DISCOS
Talibam!
Buns and Gutter
· 06 Nov 2007 · 08:00 ·
Talibam!
Buns and Gutter
2007
Gaffer


Sítios oficiais:
- Talibam!
- Gaffer
Talibam!
Buns and Gutter
2007
Gaffer


Sítios oficiais:
- Talibam!
- Gaffer
A incerteza abre espaço ao furacão de formas incessantemente adulteradas por sintetizador, bateria e saxofone emergidos do inferno (e à solta por cá esta semana).
Grande parte do interesse gerado pelos Talibam! passa pela falta de razão clara que se sente aos descalabros musicais que ensaiam e aos títulos que usam para identificar os mesmos. Ao servir como nome ao disco que edita agora a francesa Gaffer, Buns and Gutter encaixa em trocadilho com a febril faixa “Guns and Butter”, incluída na digressão imparável de Ordination of the Globetrotting Conscripts, mas, como o ovo e a galinha, mantém incerta a ordem de chegada que se possa associar aos dois títulos. Embora pareça casual a permuta das posições que ocupam o b e o g, o jogo verbal resulta em contraste em ambos os títulos que, para mais, aliam um termo agradável a um outro mais tóxico: brioches e valetas, armas e manteiga. Talvez seja mesmo esse o instinto inconsciente que move Matt Mottel e Kevin Shea na provocatória missão suicida que os une enquanto Talibam!: cavar um fosso gigantesco que albergue o ego criativo de ambos, ampliando até ao ponto do grotesco a distância que separa os pólos explorados. Existe tanta soberba como categoria nessa atitude.

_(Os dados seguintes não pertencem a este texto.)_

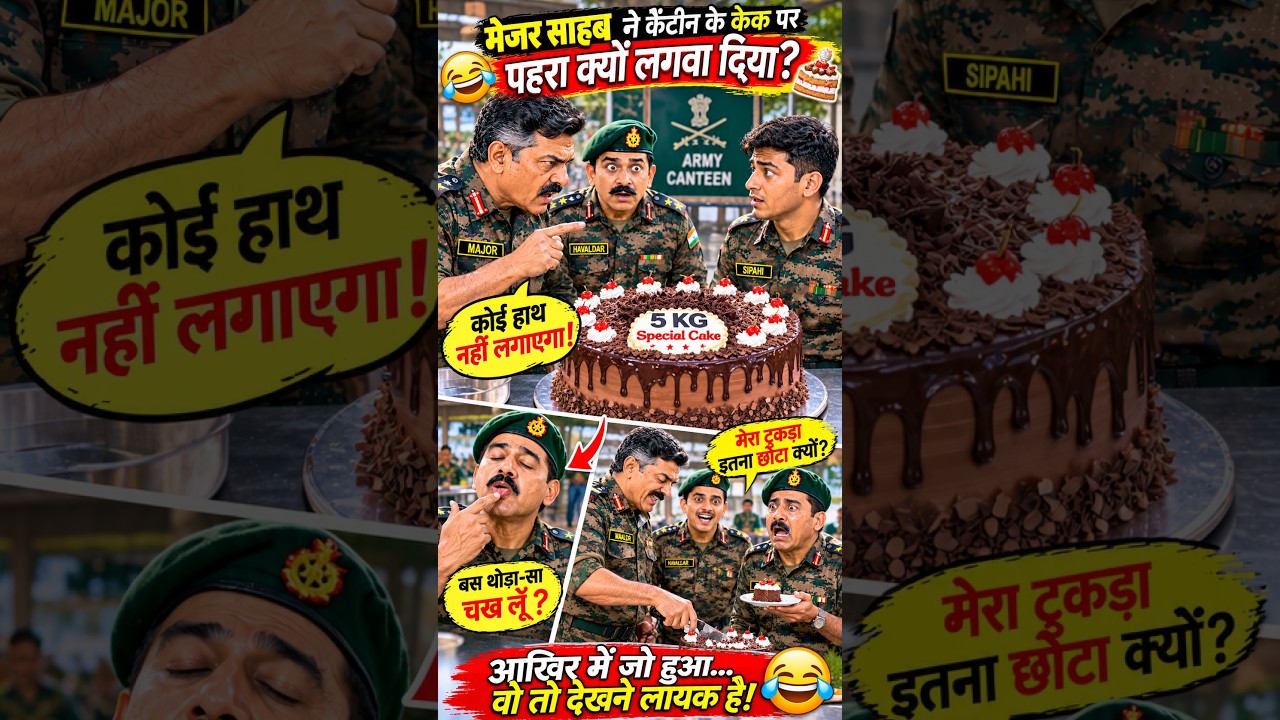 मेजर साहब ने कैंटीन के केक पर पहरा क्यों लगवा दिया? 😂🎂🔥 #ArmyComedy #ArmyShorts #HindiComedy #viral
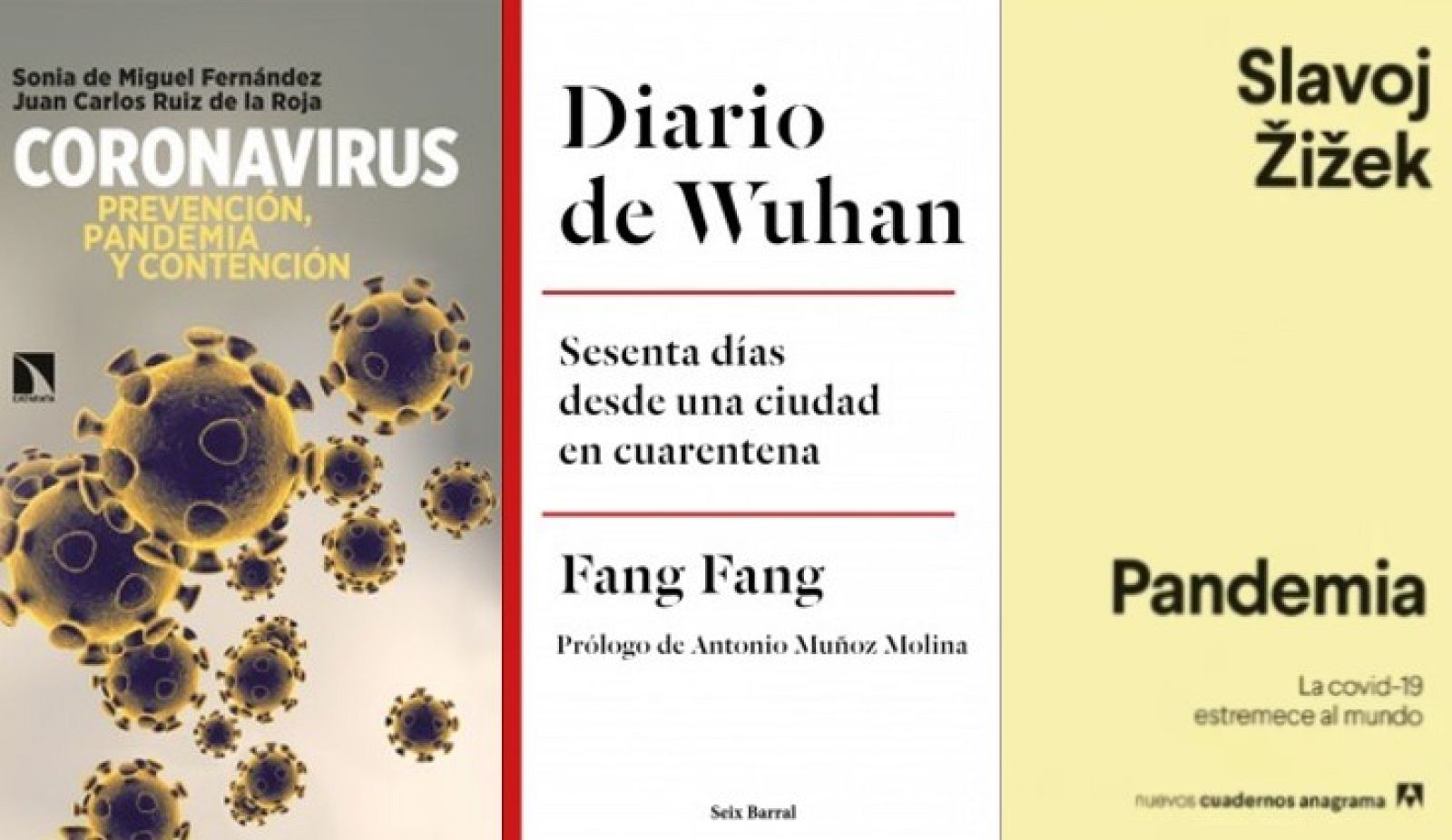 Portadas de libros sobre el coronavirus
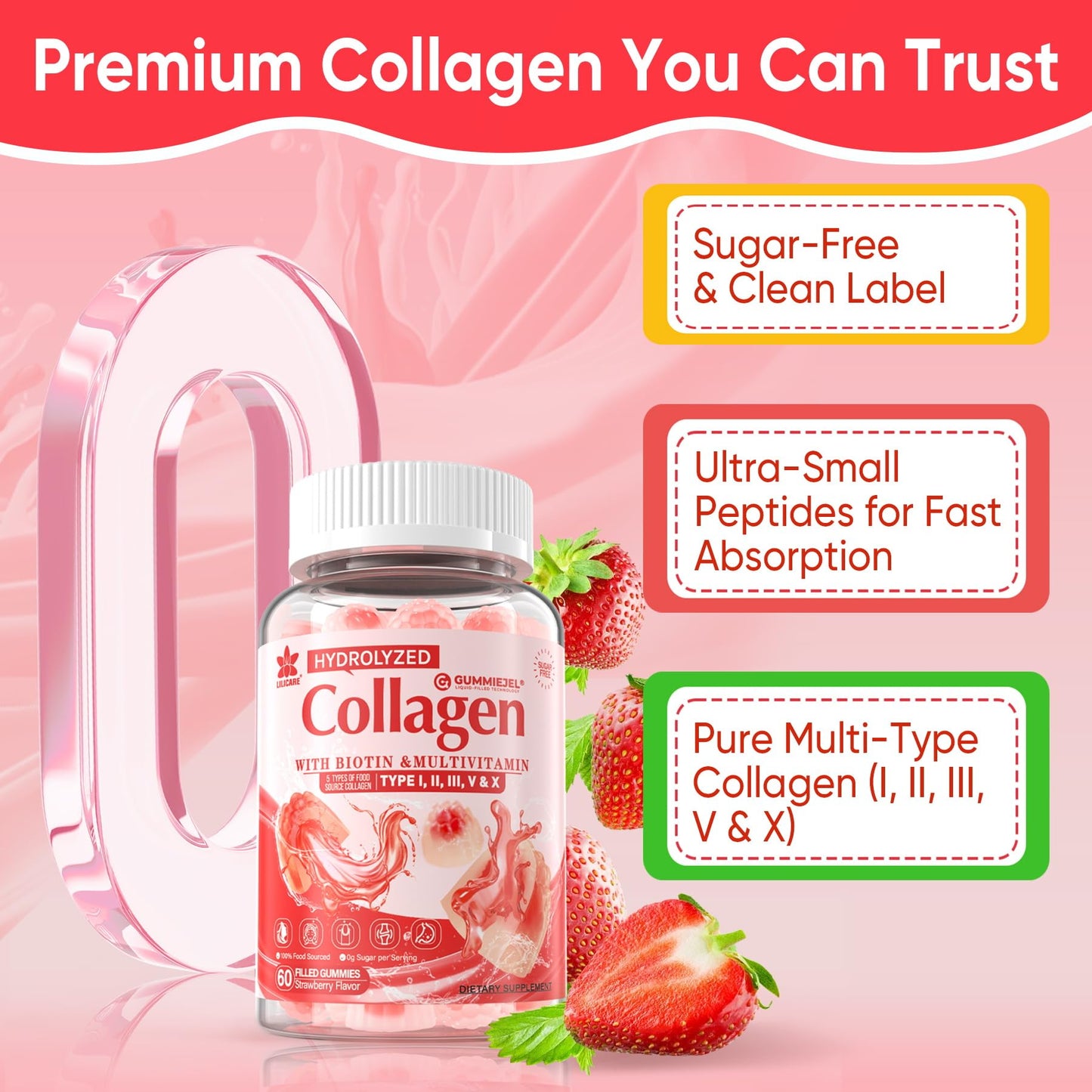Collagen Peptide Gummies – Sugar-Free Multi-Collagen 1500mg | Biotin 5000mcg | Vitamins for Skin, Hair & Nails | 60 Gummies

Convenientemente, essa mesma gestão de arsenal interno aplica-se também à música praticada que, este ano, foi já dispersa por uma quantidade de lançamentos (de menor escala) que rondará a dezena. Entre sobras de longas sessões e out-takes sortidos distribuídos por várias labels, Buns and Gutter calha à Gaffer como um fava especial pelas revelações que proporciona a quem possa estar interessado em observar o comportamento esquizofrénico dos Talibam! numa marcha de progressão asperamente lenta (como a mão de um carrasco indeciso).

“When the Saints Go Marching In”, o lado-A subversivamente imbuído da espiritualidade de lado-B, evolui através de pequenos e convulsos tópicos jazz, partilhados entre bateria, sintetizador (medonho) e saxofone barítono, para, quando alcançada a marca dos 17 minutos de deriva livre, justificar o título adoptado na sua passagem pelas deturpadas notas de sintetizador claramente identificáveis ao popular tema gospel tipicamente americano. A anterior descrição assenta apenas a essa arrastada jam de 34 minutos, já que “I Wanna Be Nawty Tonite”- em jeito de homenagem a “TV Party” dos Black Flag – serve, ao invés, para provar que os Talibam! podiam ser tão aceleradamente dançáveis e imediatos como os Need New Body. O terrorismo destes Talibam! passa por ressuscitar a desconfiança de que tudo pode acontecer quando se favorece o convívio entre pelo menos dois músicos com comportamento de risco. Guns and Butter assegura que tudo acontece mesmo quando estes patifes andam à solta.